Faillietverklaring dreigt, ook al verwacht bedrijf binnenkort schulden te kunnen betalen

23 december 2021 | Insolventierecht

Een bedrijf had nog veel geld tegoed van een ander bedrijf. Omdat niet werd betaald, is het faillissement aangevraagd. Dat dit bedrijf binnenkort over voldoende middelen zou beschikken om de schuld af te lossen, staat het faillissement niet in de weg.
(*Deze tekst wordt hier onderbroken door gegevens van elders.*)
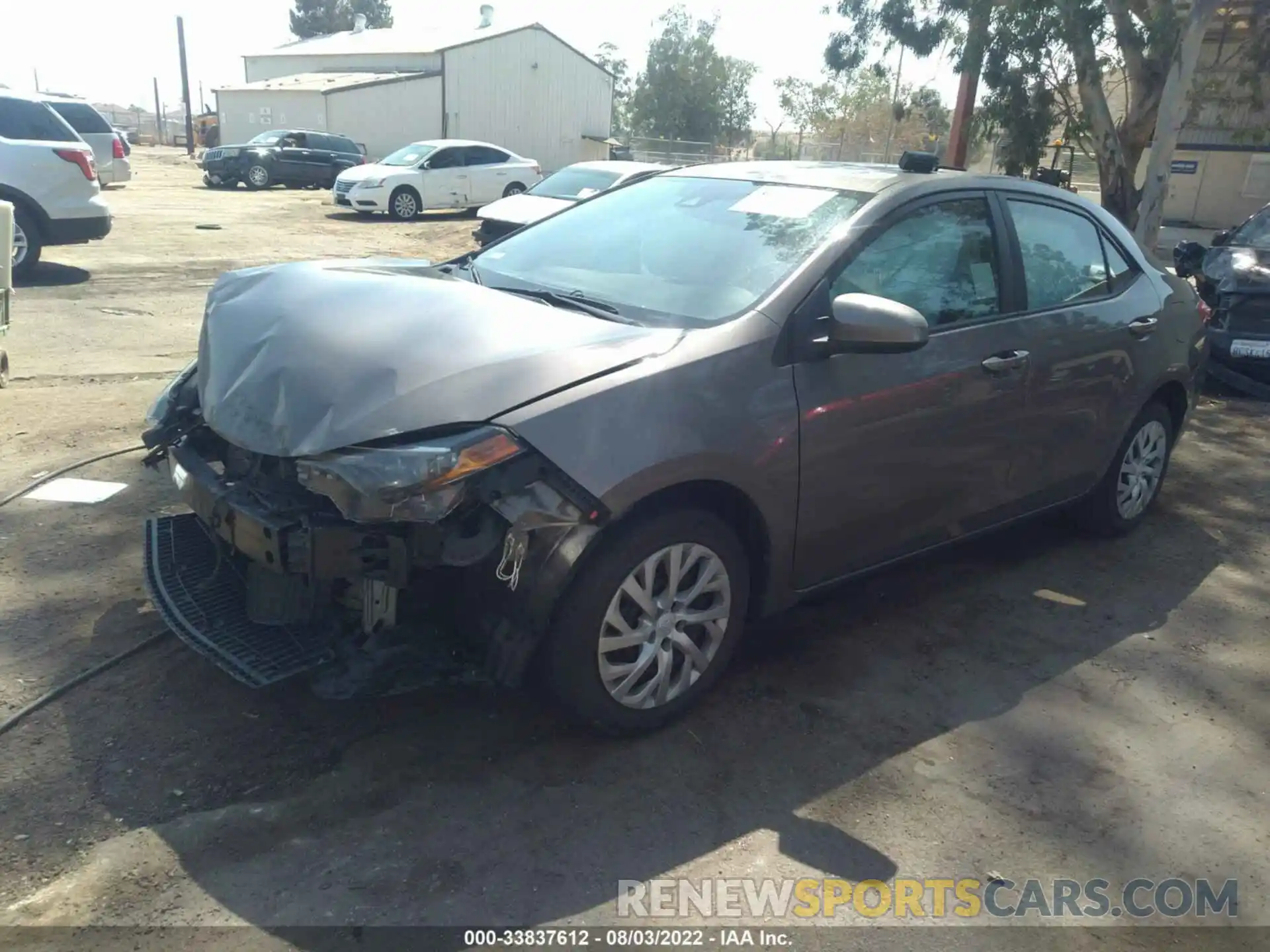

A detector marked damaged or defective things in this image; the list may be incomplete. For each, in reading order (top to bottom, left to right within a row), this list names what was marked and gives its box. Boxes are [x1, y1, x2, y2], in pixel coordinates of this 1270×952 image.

broken headlight [145, 360, 197, 426]
broken headlight [298, 428, 527, 524]
crumpled hood [196, 258, 683, 455]
crumpled hood [476, 193, 577, 226]
damaged toyota corolla [139, 160, 1201, 735]
wrecked black car [1169, 201, 1270, 397]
Twee bedrijven, een koper en een leverancier, waren overeengekomen dat 40 duizend doosjes handschoenen werden geleverd tegen een koopsom van 413.890 euro. De koper betaalde dat bedrag snel, maar de leverancier stuurde de handschoenen niet. De koper ontbond vervolgens de overeenkomst en sommeerde de leverancier het bedrag terug te betalen. De leverancier betaalde slechts 50.000 euro, waarop de kopende partij zijn faillissement heeft aangevraagd.

Geen betalingsregeling

De leverancier betwist niet dat hij de koper het bedrag verschuldigd is, maar is nu niet in staat tot terugbetaling of tot het treffen van een betalingsregeling. Wel verwacht hij binnenkort gelden die hij wil gebruiken om de vordering te voldoen. Dat geld komt van handelscrediteuren in Turkije en Egypte die de leverancier nog geld verschuldigd zijn. De leverancier is bezig om dat geld te incasseren, waarmee de vordering van de koper op termijn kan worden voldaan. Daarnaast beschikt de leverancier over een bedrijfspand en een woning die verkocht zullen worden. Ook de overwaarde daarvan (350.000 euro) kan worden gebruikt om de schuld af te lossen. Om deze redenen vraagt hij het verzoek tot faillietverklaring af te wijzen.

Strikte interpretatie

De rechtbank Rotterdam, die over dit verzoek moet oordelen, interpreteert de Faillissementswet strikt. Op grond van deze wet wordt de faillietverklaring uitgesproken, indien ‘summierlijk blijkt van het bestaan van feiten en omstandigheden die aantonen dat de schuldenaar in de toestand verkeert dat hij heeft opgehouden te betalen en, als een schuldeiser het verzoek doet, ook van het vorderingsrecht van deze’. Wel moeten er meerdere schuldeisers zijn, wat hier ook het geval is. Daarom wijst de rechtbank het verzoek tot faillietverklaring toe.

Onvoldoende aannemelijk

Maar de leverancier verwacht binnenkort toch voldoende geld binnen te krijgen, van handelspartners in Turkije en Egypte en door de verkoop van het onroerend goed? De rechtbank stelt echter dat het ‘onvoldoende aannemelijk’ is dat er concreet zicht is op geldsommen waarmee de vordering van de kopende partij op korte termijn zou kunnen worden voldaan. Het zijn ‘beloftes’, en dat is te weinig om het verzoek tot faillietverklaring tegen te houden.